• [Extracted information]
++++++

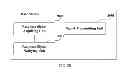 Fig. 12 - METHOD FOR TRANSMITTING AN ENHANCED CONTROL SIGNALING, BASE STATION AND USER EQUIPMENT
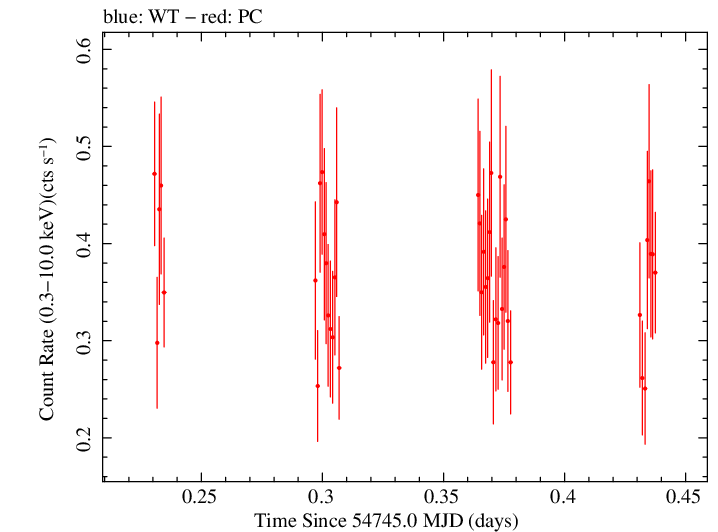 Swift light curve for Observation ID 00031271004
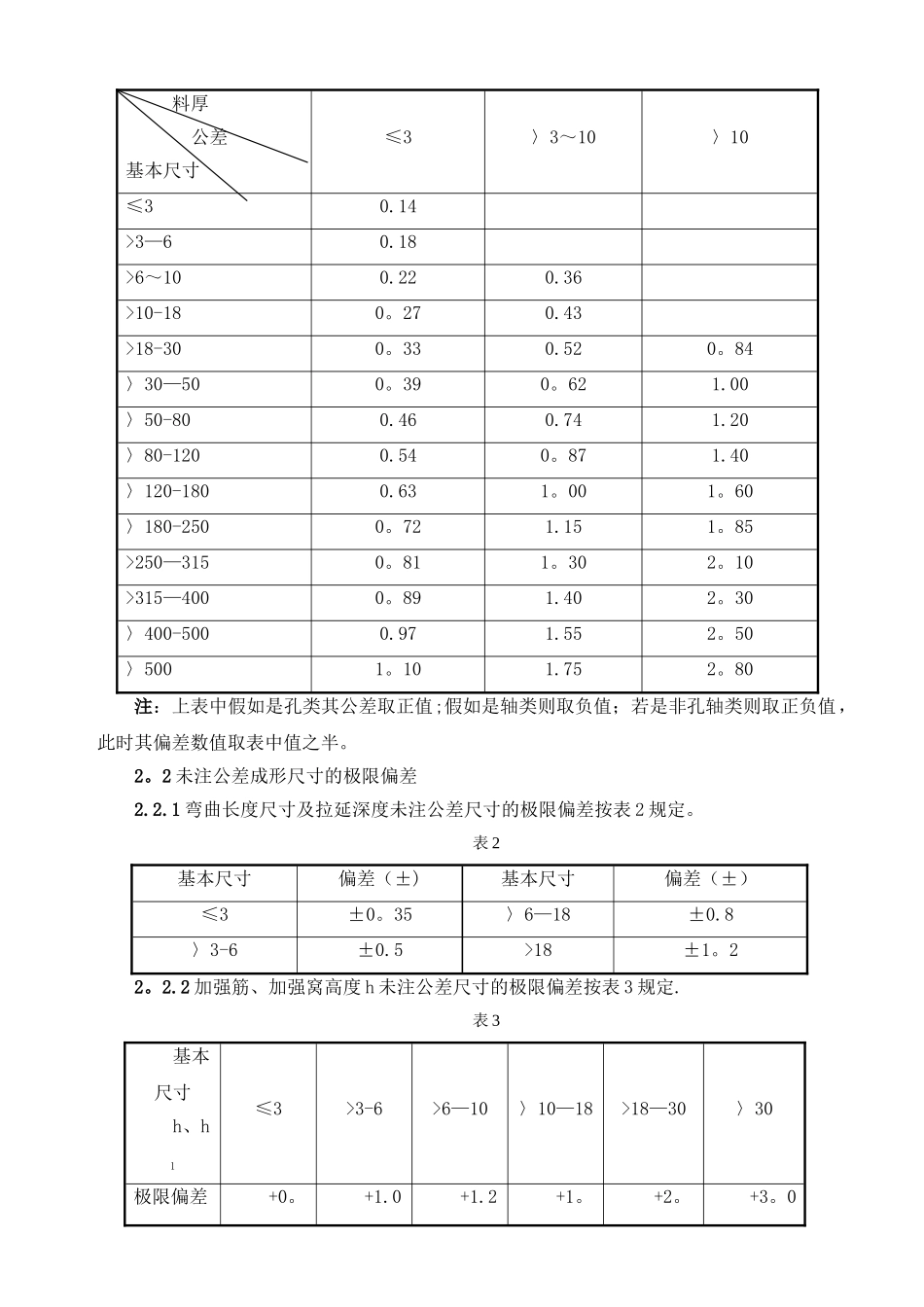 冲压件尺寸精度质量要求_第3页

++++++

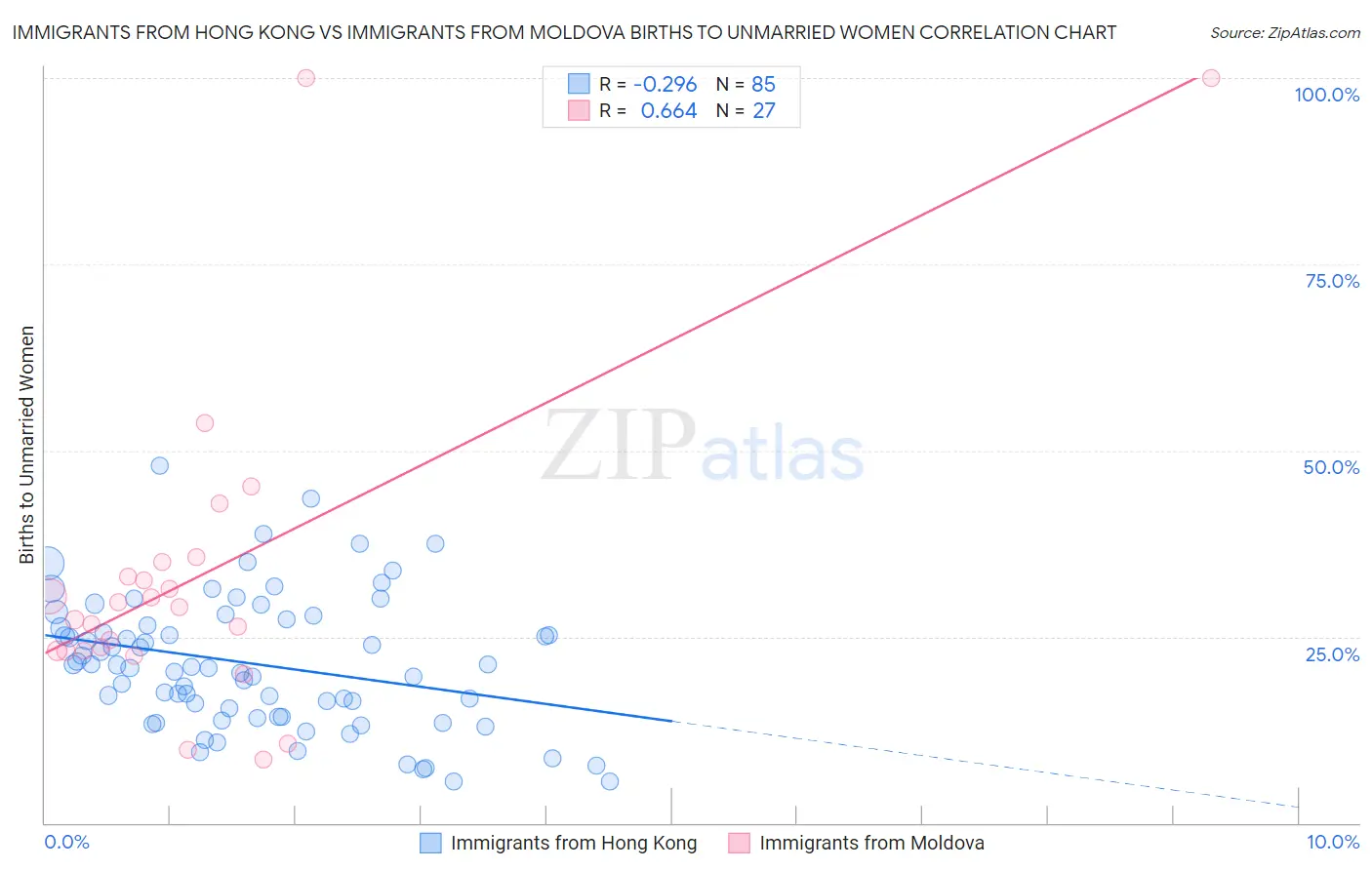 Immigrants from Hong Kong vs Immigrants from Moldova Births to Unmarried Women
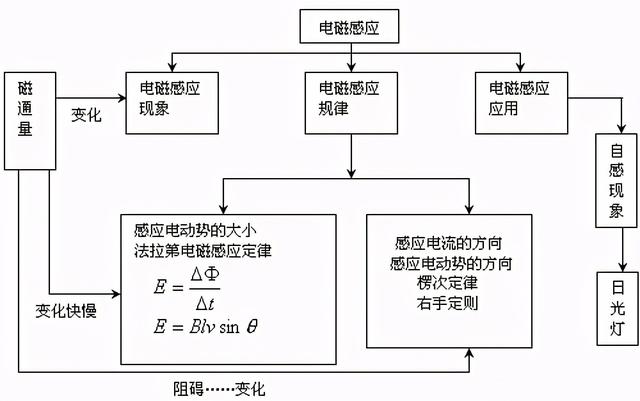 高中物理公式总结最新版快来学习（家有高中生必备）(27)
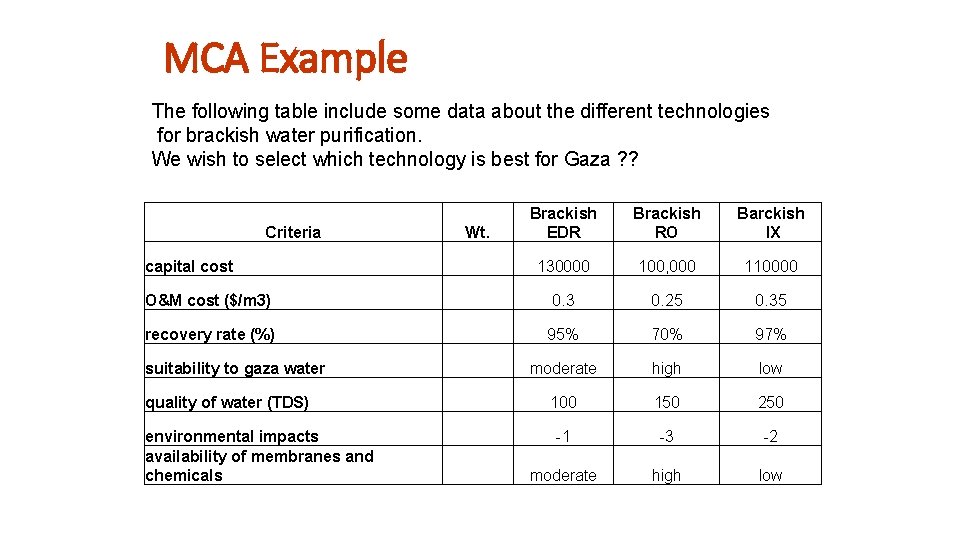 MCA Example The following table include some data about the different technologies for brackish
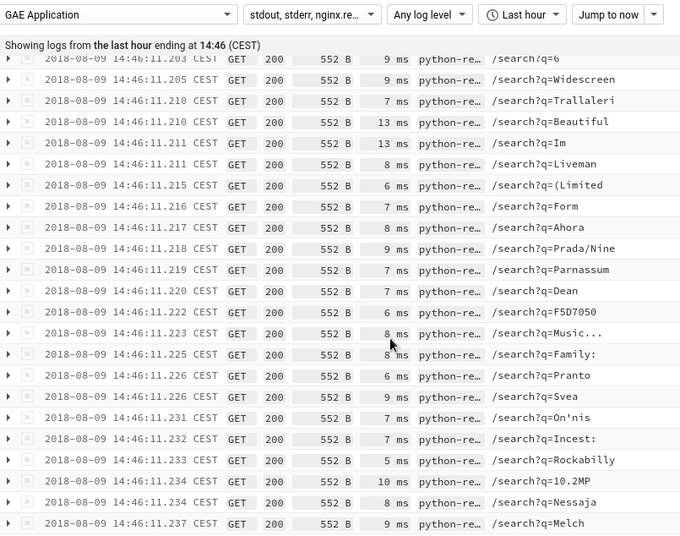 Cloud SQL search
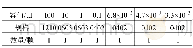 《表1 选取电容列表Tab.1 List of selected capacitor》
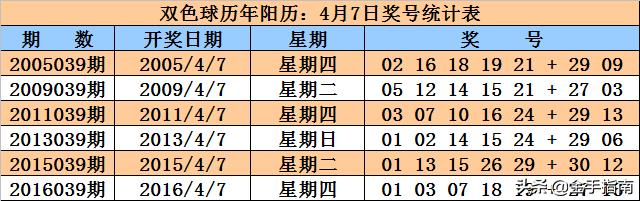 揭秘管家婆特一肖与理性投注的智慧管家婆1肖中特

++++++

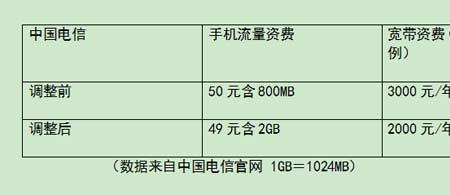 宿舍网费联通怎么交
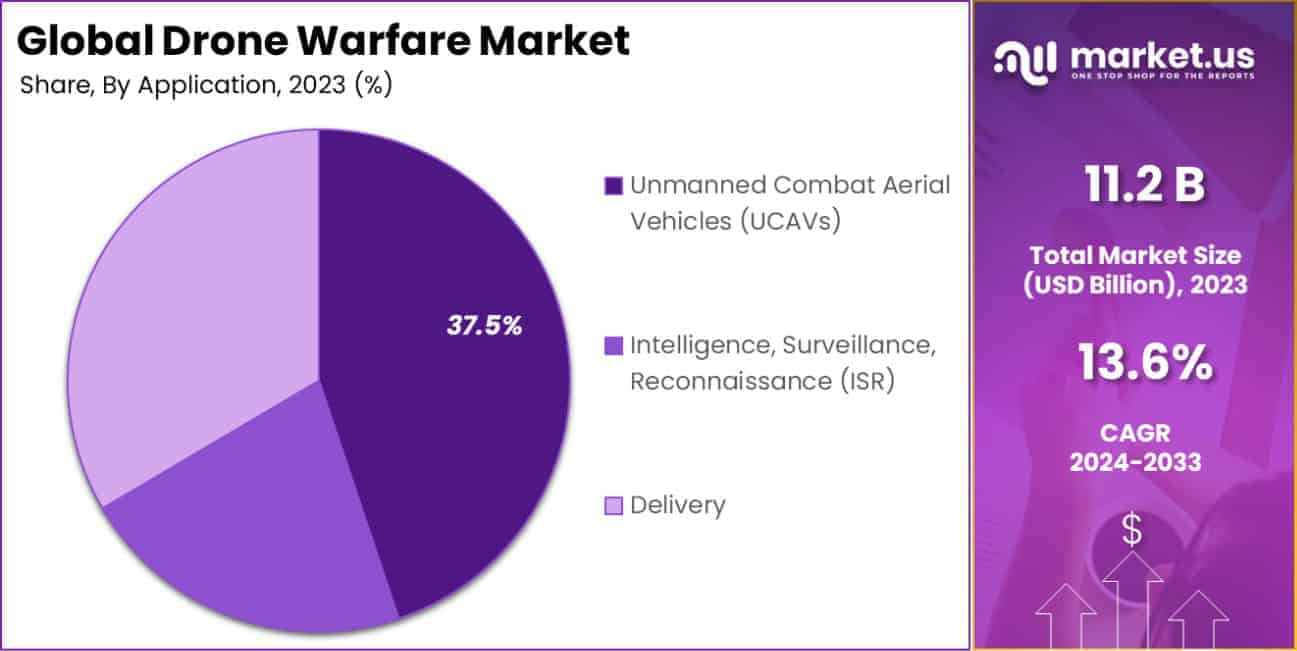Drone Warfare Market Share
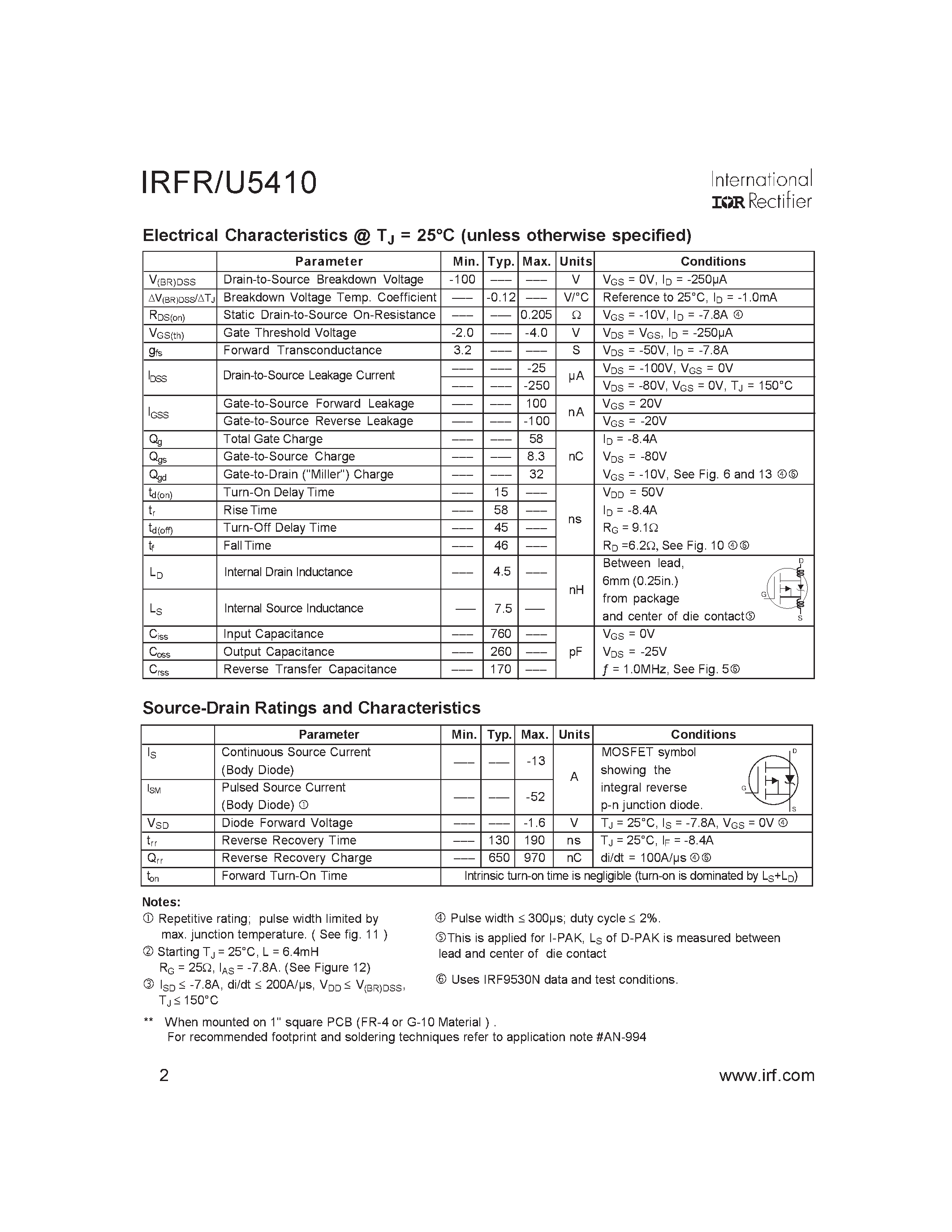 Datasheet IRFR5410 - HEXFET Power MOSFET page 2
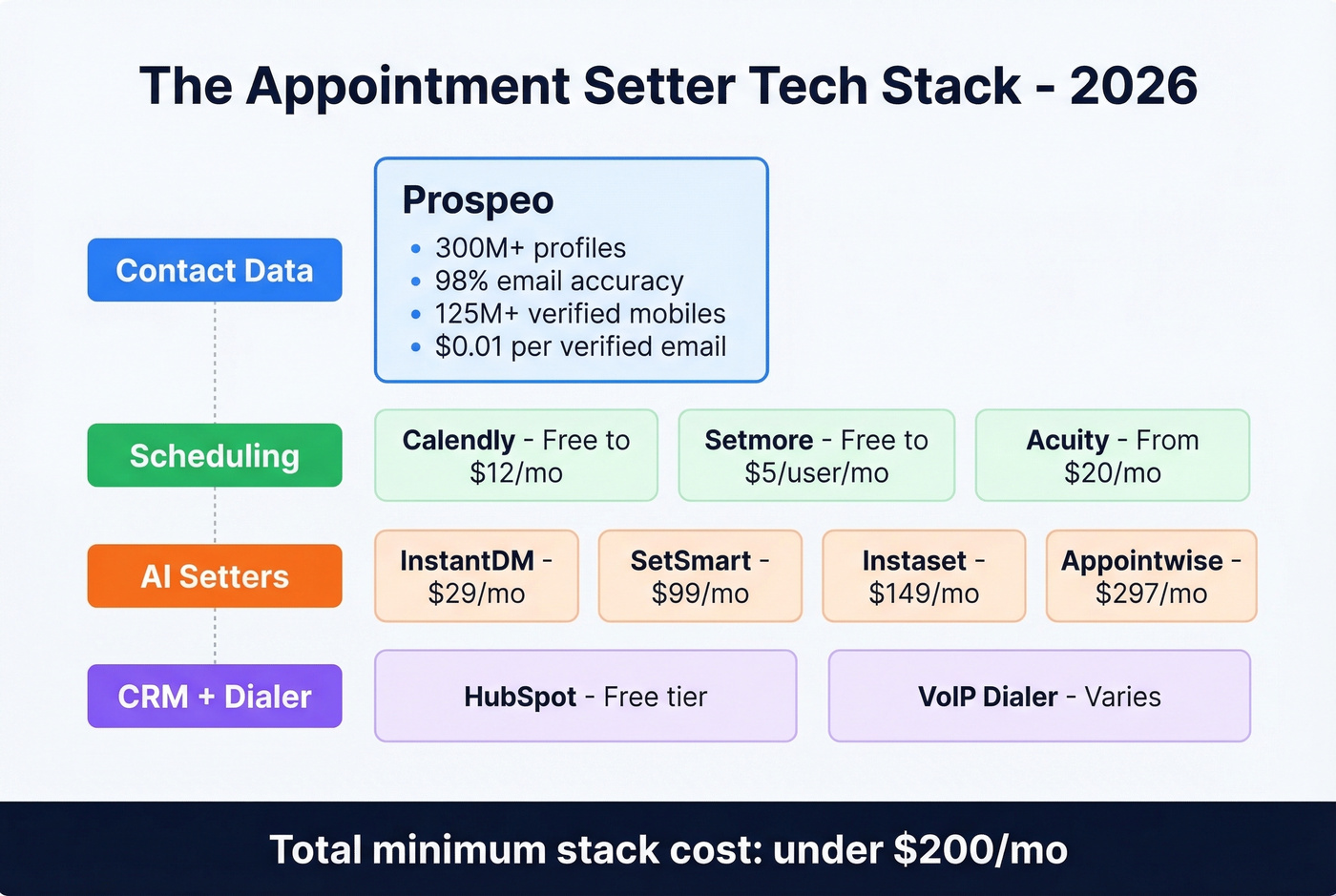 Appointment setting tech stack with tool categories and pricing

++++++

• [Your goal] Reproduce the data above exactly, but only the lines from the one showing "高中物理公式总结最新版快来学习（家有高中生必备）(27)" through the one showing "揭秘管家婆特一肖与理性投注的智慧管家婆1肖中特", with both ends kept and the pictures left out.

• [Exercise output]
 高中物理公式总结最新版快来学习（家有高中生必备）(27)
 MCA Example The following table include some data about the different technologies for brackish
 Cloud SQL search
 《表1 选取电容列表Tab.1 List of selected capacitor》
 揭秘管家婆特一肖与理性投注的智慧管家婆1肖中特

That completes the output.